By TIM CARPENTER
TOPEKA — Gov. Laura Kelly joined activists and legislators Thursday who reflected on a four-year journey to adoption of a Kansas law ending the statute of limitations on criminal prosecution for alleged child sexual abuse and extending opportunity to file lawsuits in those cases.
The legislation had been discussed off and on for years before Senate Substitute for House Bill 2127 gained traction during the 2023 session and was unanimously passed 120-0 in the House and 40-0 by the Senate. Kelly executed a ceremonial signing of the bill in the Capitol rotunda, which followed official signing of the legislation in April.

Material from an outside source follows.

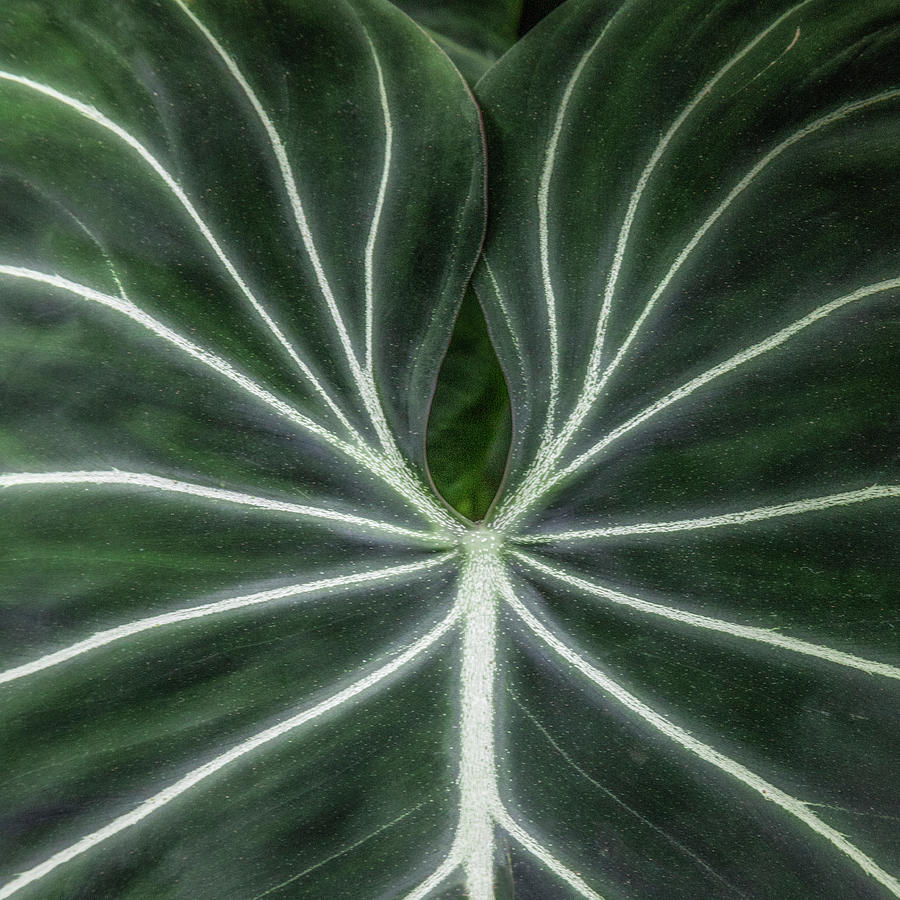 Leaf vein detail Photograph by Donald Kinney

“It goes to show this is an issue that transcends partisan politics,” Kelly said. “This will help get child predators off the streets, make our communities safer and protect other children from becoming victims.”
Senate President Ty Masterson, a Republican from Andover, said negotiations led to a bill that struck the right balance within the legal system.
“It was time to create some openings. It was about bringing help to the victims,” he said.
Under the new Kansas law, criminal prosecution for sexual abuse of a person under 18 years of age could occur at any time. A statute of limitations would no longer apply, which would bring those crimes in line with cases of murder, terrorism or rape.
The reform bill also extended the timeframe for filing civil actions to recover damages. Going forward a lawsuit could be brought within 13 years of a victim’s 18th birthday or no more than three years after the date of a criminal conviction for a crime related to the alleged abuse.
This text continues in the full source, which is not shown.